Marcher, toujours

Avis sur La Route

Avatar AlexLeFieutard
Critique publiée par le

Bien que le film prenne vie à la suite d’un cataclysme inconnu, son sujet est profondément humain. Son titre le confirme. La route, c’est ce qu’il reste à l’Humanité dans son désir de survie. L’arpenter, la suivre, à la recherche d’un lieu dont on ignore l’existence, sans jamais s’arrêter. Parce que s’arrêter, c’est mourir.
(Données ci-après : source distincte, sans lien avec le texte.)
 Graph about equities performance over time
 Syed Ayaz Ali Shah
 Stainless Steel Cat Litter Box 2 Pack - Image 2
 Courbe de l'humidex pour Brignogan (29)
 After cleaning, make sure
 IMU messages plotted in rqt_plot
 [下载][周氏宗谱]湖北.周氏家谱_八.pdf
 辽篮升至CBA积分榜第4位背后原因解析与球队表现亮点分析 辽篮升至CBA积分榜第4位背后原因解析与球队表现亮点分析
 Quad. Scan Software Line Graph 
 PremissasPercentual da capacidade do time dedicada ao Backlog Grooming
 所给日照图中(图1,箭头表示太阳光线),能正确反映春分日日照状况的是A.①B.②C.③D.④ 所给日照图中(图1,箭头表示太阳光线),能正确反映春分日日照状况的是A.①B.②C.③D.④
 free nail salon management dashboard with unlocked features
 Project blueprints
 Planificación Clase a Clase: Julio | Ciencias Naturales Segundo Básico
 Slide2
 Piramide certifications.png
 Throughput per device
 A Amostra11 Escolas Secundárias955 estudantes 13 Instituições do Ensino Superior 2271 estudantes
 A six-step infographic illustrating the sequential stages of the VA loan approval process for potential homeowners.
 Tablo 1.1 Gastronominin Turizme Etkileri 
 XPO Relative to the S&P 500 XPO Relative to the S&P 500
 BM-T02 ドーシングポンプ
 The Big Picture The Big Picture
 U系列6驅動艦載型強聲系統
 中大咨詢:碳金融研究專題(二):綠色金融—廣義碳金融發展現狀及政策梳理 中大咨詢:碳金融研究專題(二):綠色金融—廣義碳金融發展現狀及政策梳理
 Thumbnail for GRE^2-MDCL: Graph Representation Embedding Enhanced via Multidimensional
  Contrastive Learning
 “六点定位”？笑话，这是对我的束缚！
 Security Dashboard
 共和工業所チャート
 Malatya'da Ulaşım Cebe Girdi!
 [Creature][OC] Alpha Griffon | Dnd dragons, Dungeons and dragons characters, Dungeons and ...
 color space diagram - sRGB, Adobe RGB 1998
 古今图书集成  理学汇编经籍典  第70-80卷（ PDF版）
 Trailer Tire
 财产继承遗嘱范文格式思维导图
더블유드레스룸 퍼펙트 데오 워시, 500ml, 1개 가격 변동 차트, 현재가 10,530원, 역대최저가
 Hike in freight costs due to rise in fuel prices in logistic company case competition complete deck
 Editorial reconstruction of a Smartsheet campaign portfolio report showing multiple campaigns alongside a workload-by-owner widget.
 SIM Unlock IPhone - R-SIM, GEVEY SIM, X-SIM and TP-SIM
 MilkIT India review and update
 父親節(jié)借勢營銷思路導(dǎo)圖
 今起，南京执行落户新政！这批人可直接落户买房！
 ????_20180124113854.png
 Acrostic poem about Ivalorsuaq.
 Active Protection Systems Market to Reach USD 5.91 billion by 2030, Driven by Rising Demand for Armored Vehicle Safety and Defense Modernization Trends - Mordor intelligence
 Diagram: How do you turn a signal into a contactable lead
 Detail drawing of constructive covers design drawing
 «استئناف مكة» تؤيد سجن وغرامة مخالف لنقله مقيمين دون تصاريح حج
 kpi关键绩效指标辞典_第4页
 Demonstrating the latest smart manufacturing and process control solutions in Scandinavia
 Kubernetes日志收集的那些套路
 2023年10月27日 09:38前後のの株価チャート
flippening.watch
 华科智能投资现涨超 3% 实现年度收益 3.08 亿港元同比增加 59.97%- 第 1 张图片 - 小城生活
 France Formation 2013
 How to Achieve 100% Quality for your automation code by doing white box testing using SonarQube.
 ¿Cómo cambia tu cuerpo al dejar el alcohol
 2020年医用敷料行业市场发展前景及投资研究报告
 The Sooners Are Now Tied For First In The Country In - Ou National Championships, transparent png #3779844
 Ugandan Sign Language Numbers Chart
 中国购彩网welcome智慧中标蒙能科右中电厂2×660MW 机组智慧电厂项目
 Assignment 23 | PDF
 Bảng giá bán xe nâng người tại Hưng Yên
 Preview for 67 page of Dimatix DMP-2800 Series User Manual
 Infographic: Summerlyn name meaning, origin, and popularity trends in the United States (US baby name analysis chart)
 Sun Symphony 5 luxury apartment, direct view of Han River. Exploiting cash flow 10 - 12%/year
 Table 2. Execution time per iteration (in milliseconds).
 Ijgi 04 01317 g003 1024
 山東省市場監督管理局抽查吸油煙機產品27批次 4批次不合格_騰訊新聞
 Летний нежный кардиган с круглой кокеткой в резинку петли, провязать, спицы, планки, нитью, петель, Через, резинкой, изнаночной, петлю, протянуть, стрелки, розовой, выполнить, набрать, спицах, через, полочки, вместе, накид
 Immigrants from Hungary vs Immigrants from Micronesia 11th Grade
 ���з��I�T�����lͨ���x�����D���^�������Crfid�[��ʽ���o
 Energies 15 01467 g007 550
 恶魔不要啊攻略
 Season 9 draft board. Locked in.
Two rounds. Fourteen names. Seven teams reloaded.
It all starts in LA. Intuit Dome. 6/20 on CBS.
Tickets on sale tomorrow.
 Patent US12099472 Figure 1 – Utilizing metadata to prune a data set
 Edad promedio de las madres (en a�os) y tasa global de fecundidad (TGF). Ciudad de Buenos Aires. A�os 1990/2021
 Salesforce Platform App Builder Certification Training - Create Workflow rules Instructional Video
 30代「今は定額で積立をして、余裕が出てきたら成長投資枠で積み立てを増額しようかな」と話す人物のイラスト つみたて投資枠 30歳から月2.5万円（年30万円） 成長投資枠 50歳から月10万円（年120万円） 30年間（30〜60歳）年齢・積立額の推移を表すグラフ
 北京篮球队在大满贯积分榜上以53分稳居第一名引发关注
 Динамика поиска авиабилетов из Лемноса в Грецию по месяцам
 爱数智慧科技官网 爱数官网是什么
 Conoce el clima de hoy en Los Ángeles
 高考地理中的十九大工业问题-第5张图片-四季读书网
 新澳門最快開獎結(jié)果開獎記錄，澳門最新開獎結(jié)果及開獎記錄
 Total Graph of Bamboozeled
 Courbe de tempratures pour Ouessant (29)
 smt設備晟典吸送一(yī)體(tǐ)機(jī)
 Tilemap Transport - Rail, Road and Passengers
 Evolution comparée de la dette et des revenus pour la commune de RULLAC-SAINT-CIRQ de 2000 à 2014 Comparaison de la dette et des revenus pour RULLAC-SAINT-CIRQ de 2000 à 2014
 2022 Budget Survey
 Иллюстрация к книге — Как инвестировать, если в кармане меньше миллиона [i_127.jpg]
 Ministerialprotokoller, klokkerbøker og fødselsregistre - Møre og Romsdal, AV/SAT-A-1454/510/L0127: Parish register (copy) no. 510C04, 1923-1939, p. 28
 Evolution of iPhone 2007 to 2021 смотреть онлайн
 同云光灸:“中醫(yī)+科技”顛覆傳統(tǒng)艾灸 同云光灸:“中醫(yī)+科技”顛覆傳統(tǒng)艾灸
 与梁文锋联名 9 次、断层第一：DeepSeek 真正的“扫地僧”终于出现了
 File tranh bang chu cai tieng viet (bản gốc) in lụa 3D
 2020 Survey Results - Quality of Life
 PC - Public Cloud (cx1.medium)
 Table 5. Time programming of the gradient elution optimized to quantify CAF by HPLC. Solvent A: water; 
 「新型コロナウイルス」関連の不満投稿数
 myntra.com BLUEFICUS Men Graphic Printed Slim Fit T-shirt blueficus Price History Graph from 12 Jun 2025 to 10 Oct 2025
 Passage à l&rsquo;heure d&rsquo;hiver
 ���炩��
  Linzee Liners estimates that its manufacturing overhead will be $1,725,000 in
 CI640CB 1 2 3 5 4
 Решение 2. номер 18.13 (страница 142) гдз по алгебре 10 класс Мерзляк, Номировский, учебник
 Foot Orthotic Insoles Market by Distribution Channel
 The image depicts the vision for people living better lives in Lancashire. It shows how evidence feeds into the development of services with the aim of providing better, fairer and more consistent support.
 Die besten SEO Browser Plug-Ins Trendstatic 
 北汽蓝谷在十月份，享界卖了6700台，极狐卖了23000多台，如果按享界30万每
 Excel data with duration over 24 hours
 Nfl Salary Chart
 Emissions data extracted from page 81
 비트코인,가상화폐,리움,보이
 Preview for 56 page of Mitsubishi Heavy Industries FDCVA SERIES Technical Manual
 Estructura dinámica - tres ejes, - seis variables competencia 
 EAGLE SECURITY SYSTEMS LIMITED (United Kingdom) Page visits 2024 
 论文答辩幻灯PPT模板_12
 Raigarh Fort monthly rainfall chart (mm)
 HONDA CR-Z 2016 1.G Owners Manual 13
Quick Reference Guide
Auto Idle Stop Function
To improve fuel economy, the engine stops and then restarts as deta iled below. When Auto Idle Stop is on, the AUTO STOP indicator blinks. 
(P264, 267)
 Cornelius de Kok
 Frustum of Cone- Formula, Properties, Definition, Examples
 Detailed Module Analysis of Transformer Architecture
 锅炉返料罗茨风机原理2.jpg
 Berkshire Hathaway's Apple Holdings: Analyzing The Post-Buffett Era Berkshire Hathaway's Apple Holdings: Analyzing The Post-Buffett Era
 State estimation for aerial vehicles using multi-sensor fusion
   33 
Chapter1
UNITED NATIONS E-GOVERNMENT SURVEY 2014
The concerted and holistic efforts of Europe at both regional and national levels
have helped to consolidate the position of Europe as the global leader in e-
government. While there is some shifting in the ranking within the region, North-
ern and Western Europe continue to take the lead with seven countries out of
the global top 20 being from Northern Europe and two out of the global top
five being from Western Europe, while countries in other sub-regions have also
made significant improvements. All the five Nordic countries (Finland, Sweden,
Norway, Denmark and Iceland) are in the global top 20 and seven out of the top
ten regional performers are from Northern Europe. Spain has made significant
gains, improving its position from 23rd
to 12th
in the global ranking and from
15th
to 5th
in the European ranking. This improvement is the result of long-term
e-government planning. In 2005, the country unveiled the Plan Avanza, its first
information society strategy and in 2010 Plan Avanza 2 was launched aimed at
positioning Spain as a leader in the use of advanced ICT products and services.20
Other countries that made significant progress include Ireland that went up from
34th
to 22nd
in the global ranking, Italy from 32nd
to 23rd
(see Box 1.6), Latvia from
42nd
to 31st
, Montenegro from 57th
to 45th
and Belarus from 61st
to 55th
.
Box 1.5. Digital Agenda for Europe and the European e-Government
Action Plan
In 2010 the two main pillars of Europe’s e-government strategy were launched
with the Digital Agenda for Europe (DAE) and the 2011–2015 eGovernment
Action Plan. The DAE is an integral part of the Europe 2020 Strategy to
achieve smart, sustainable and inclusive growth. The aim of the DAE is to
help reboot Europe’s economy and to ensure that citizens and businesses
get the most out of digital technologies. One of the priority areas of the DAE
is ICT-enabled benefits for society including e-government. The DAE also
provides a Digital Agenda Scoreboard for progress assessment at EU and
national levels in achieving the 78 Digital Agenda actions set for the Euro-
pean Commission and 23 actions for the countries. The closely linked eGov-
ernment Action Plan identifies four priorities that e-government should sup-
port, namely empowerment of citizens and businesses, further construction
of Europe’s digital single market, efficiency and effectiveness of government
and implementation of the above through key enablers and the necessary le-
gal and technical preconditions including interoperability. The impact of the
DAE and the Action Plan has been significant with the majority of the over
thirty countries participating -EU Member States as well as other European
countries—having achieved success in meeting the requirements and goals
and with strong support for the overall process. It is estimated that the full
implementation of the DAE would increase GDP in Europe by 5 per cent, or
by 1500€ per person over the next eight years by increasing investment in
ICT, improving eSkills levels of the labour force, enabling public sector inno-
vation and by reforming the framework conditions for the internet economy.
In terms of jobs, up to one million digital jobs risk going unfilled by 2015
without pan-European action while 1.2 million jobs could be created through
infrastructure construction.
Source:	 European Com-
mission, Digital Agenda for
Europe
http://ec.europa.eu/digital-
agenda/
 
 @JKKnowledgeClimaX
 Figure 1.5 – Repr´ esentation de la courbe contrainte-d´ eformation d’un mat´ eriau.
Le film est monochrome, envahi par ce gris morbide, invincible, tuant à petit feu ceux qui restent. Et il est muet, ou presque. Les mots et les idées ont pratiquement disparu pour faire place à la faim, à l’inconnu et à l’instinct. A l’instar du pianiste de Polanski, l’homme et son fils marchent à la recherche de nourriture et d’un abri, tout en se cachant de la menace inhérente à ce nouveau monde : la sauvagerie et ceux qui l’ont adoptée.

Au travers d’une mise en scène humble dans des décors apocalyptiques terrifiants de réalisme, le film traite d’un sujet simple et célèbre : qu’est-ce que l’humanité ? Qu’a-t-on fait lorsqu’on l’a perdue ? Que doit-on faire pour la conserver ? Et à quel prix ?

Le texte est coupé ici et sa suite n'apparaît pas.